The data and model work is backed by an upgraded Minerva-style dataset pipeline, with balanced task-specific datasets for both Nirjas and Atarashi.

What should be done?

1) Tree-sitter based Nirjas extraction pipeline

  • Generalize the existing Tree-sitter proof-of-concept into a reusable extraction architecture.
  • Build language-pack management and parser compatibility validation.
  • Maintain a normalized extraction contract for downstream consumers.
  • Add fallback behavior for unsupported/incompatible parsers.

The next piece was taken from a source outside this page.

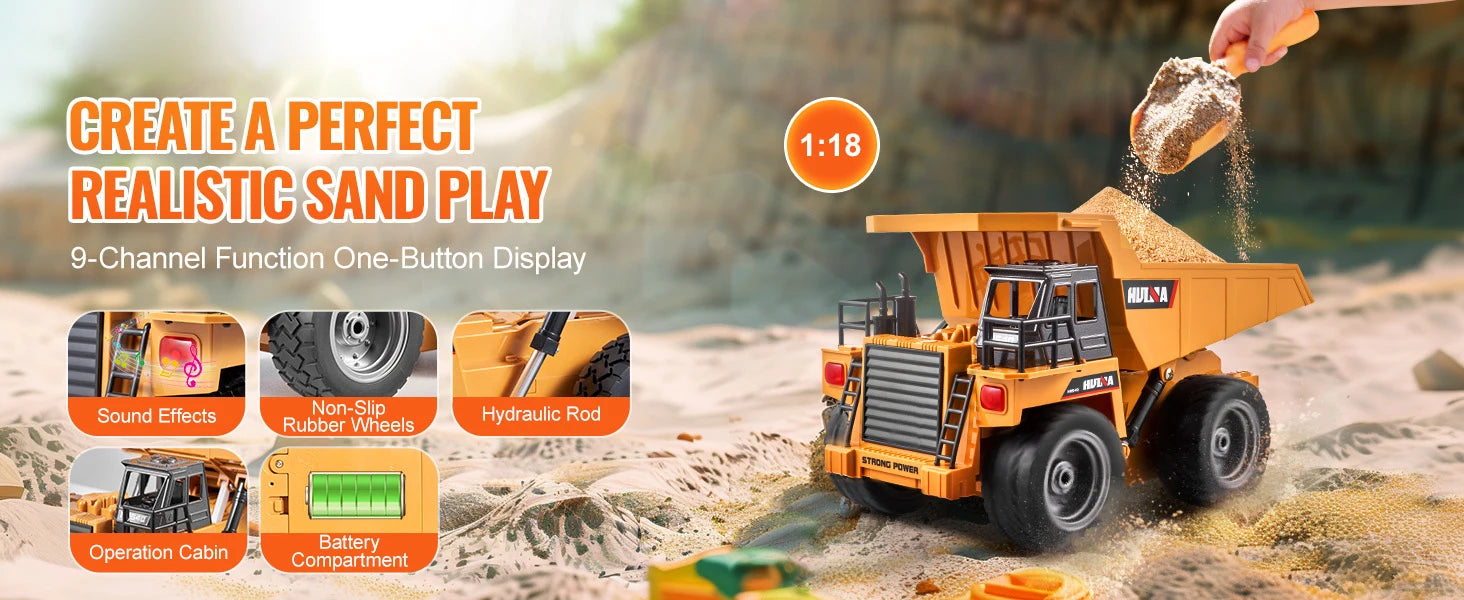 SucceBuy RC Car Children Toys Remote Control Dump Truck Toys 9-Channel with Battery for Toddlers Electric Car Kids Toys Gift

2) Dataset generation for Nirjas and Atarashi

  • Use a unified data pipeline over multiple sources (e.g. license corpora + non-license comments).
  • Build train/validation/test splits for:
    • Nirjas (license_comment vs non_license_comment)
    • Atarashi (license_id multiclass)
  • Include hard negatives, augmentation, and near-dedup for better generalization.

3) Nirjas classifier

  • Select strong teacher embeddings using benchmark context + task evaluations.
  • Distill to lightweight model2vec representations.
  • Train a binary classifier optimized for high-throughput CPU inference.

4) Atarashi model path selection

  • Implement and compare two tracks:
    • Distilled model2vec retrieval/classification path.
    • Fine-tuned + quantized embedding baseline for CPU-first deployment.
  • Select production path using quality/latency trade-offs on held-out data.

5) Confidence-aware output and integration

  • Add confidence scoring and UNKNOWN behavior in low-evidence cases.
  • Integrate Nirjas → Atarashi flow end-to-end.
  • Add tests, documentation, and reproducible evaluation steps.

Expected outcomes

  • More accurate and robust extraction of license-relevant comments from real-world source files.
  • Faster and more reliable license prediction on high-signal fragments.
  • Better scalability and maintainability for FOSSology's license detection workflows.
  • Clearer model outputs for compliance workflows with confidence and abstention support.